Machine Learning Platform - Foundations and Frameworks

Now some meat for all you practitioners that want to have tooling, best practices, experiences, the machine learning platform is built on foundations and frameworks. Once again, the goal of the machine learning platform is to abstract complexity to access computing resources. Whenever someone that is experienced in dealing with these concepts, hears abstraction, complexity, especially complexity and computing resources, Kubernetes is the tool that comes to mind. At Bumble Inc., we have a private cloud, and we have different Kubernetes clusters that allow us to deal and to abstract with all the different computing resources. We have clusters that have hundreds of GPU resources in different regions. We deploy this Kubernetes cluster to make sure that the access to these resources was completely abstracted to everyone that just needed access to GPU. Machine learning practitioners or features MLEs down the line have to have as requirement, ok, I want to use a very big GPU, they should then actually know or make their life a nightmare to actually access these GPUs, making sure that all the CUDA drivers are installed correctly. Kubernetes is there for this reason. They just want to say, ok, I want a GPU, and as if it was magic, Kubernetes is going to give them the resources they need. Kubernetes doesn't mean infinite resources. Still, there is a very fixed amount of resources that you can allocate, but makes life much easier. Then on top, we use Kubeflow. Kubeflow is a machine learning platform that builds on top of Kubernetes, is able to expose to the people that use it, access to Jupyter Notebooks, very mature way to deploy machine learning models at inference to KServe, and exposing Kubeflow pipelines. Nice fun fact about our process together, we wanted Kubeflow, and then we said, Kubeflow is somewhat married to Kubernetes, and so we deployed Kubernetes. Now is the opposite, in a sense that we still successfully use Kubeflow, I will always be an advocate for how much Kubeflow changes the way in which the team operates.

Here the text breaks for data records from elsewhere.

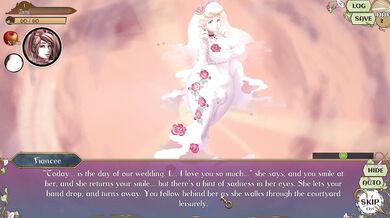 Ghostly Dryad Takes On Androgynous Entity In A Paranormal Encounter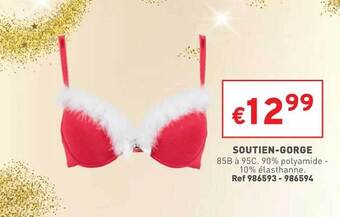 Trafic Soutien-gorge offre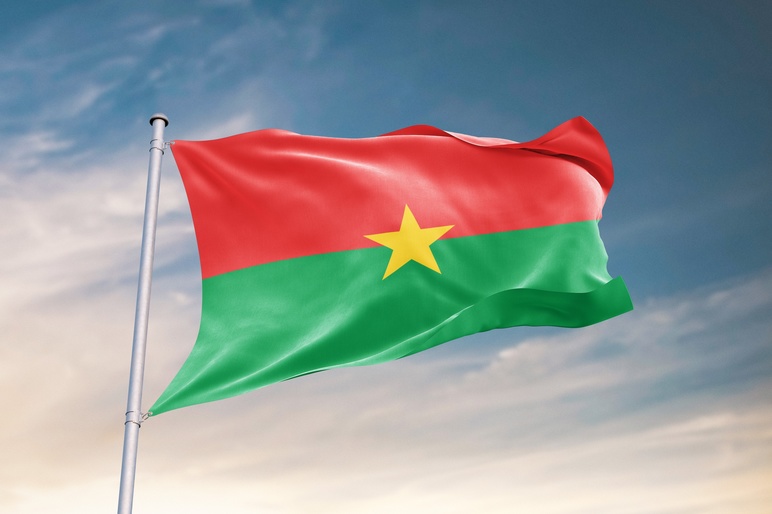 Burkina Faso flag
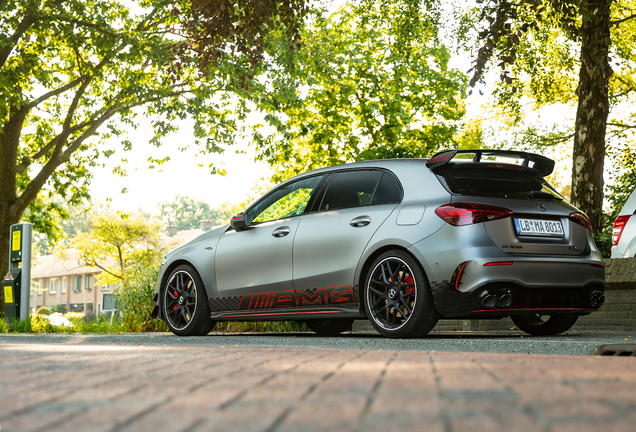 Mercedes-AMG A 45 S W177 2023 Street Style Edition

Now anything I'm performing, a Kubernetes cluster on which we build our own tools, our own frameworks, allowed us to deploy very easily a lot of different other tools that allow us to grow. That's why I think that it's good to divide, which are the foundations that are just there to abstract the complexity, making it easy to access compute, and the frameworks.

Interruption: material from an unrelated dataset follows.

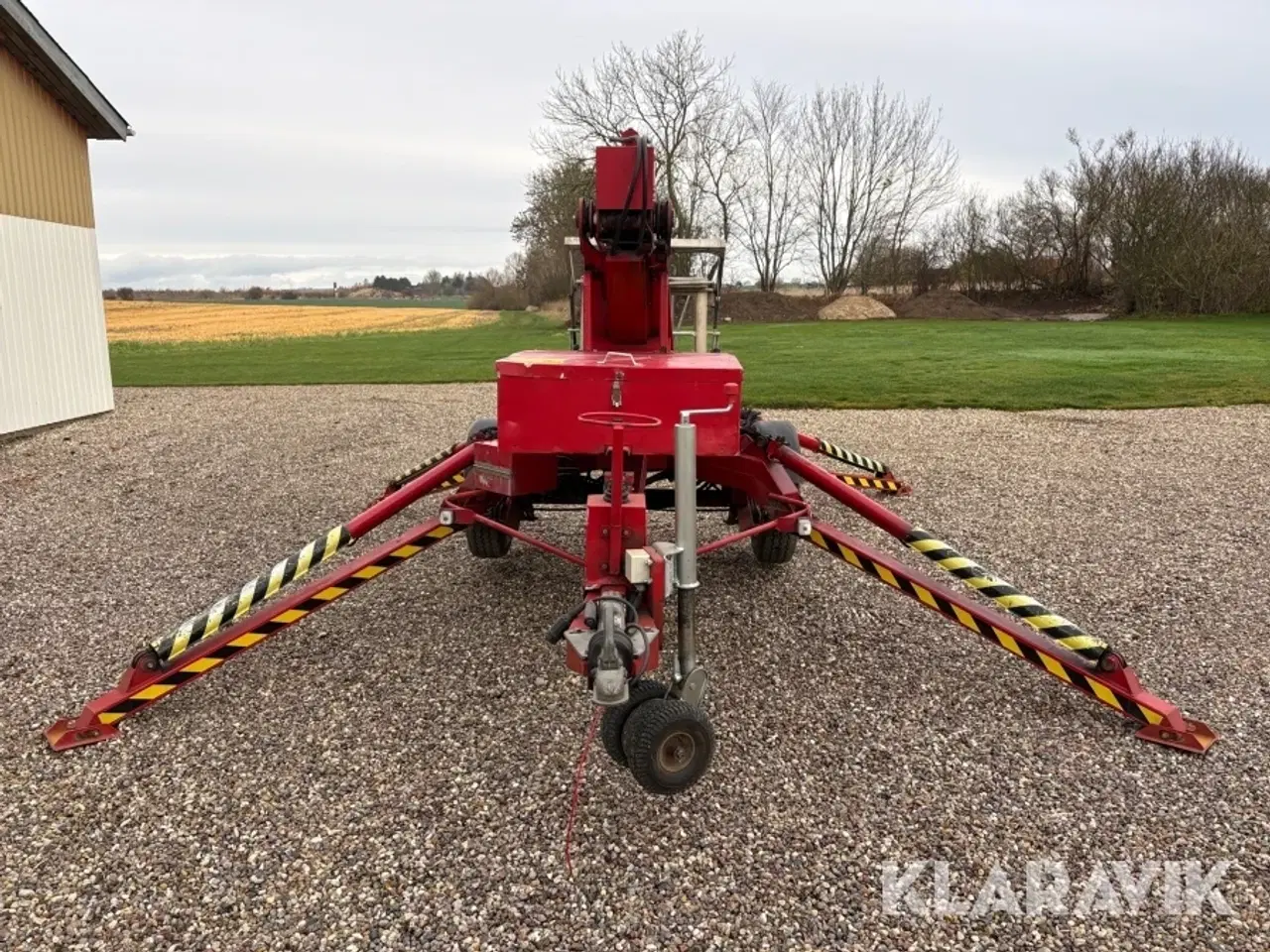 Billede 3 - Trailerlift Denka 16m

In a sense, this is where actually maturity is achieved. All of them are, at least from an external perspective, easily deployed on Kubernetes. I think that here there are three big chunks of machine learning engineering tooling that we deployed on our Kubernetes cluster that made our life 10x easier. The first one that is the easiest one, I don't think that is a surprise for any of you, that whatever you deploy in production needs monitoring. We achieved monitoring through Grafana and Prometheus: nothing fancy, nothing surprising. The second big cluster is around machine learning project management. On this slide, you will see MLFlow that pretty much everyone that ever touched a machine learning project played with MLFlow, or TensorBoard as well. A tool that we successfully use at Bumble is ClearML. ClearML is an open source, machine learning project management tool that allows us to actually make collaboration much easier for the people in the data science team. Where collaboration is probably one of the most complex things to achieve while working on machine learning projects. Then the third cluster is around features and embeddings storage, and the other are Feast and Milvus, because a lot of the things that we are today, or even what you can do with love language modeling, for example, requires down the line a very efficient way to store embeddings as numerical representation of something that doesn't start as numeric. Building or getting the maturity of building a capability to store these embeddings, here I put Milvus because it's the one that we use internally. The open source market is full of very good alternatives. None of these is supported by design from Kubeflow, and of course, not by Kubernetes itself, they play another league. During the years, we installed all these frameworks in our machine learning platform.

ML Platform Team

Everything that I said in these two slides is owned by the machine learning engineering platform team. In all fairness, there isn't a lot of machine learning so far, in a sense that a lot of the tools that I explained depends on your background, but is more classical, either software engineering, DevOps engineering, MLOps, if we want to use the term that is quite common nowadays. Which are the objectives of the machine learning engineers that work on the platform team, or which are the objective of the machine learning platform team. The first one is abstracting compute. The first pillar on which they have to be evaluated is how your work made it easier to access the computing resources that your company or your team had available: this can be a private cloud, this can be a public cloud. How much time to allocate a GPU or to start using a GPU became shorter, thanks to the work of the team. The second is around frameworks. How much the work of the team or the practitioners in the team allowed the wider data science team or all the people that are working in machine learning in the company, allow them to be faster, more effective. How much for them now, it's much easier to, for example, deploy a deep learning model? Historically, in the company, we were locked in just the TensorFlow models, for example, because we were very familiar with TensorFlow serving for a lot of interesting reasons. Now, thanks to the work of the machine learning engineering platform team, we can deploy whatever. We use Nvidia Triton, we use KServe. This is de facto a framework, embedding storage is a framework. Machine learning project management is a framework. All of them have been designed, deployed, and maintained by the machine learning engineering platform team.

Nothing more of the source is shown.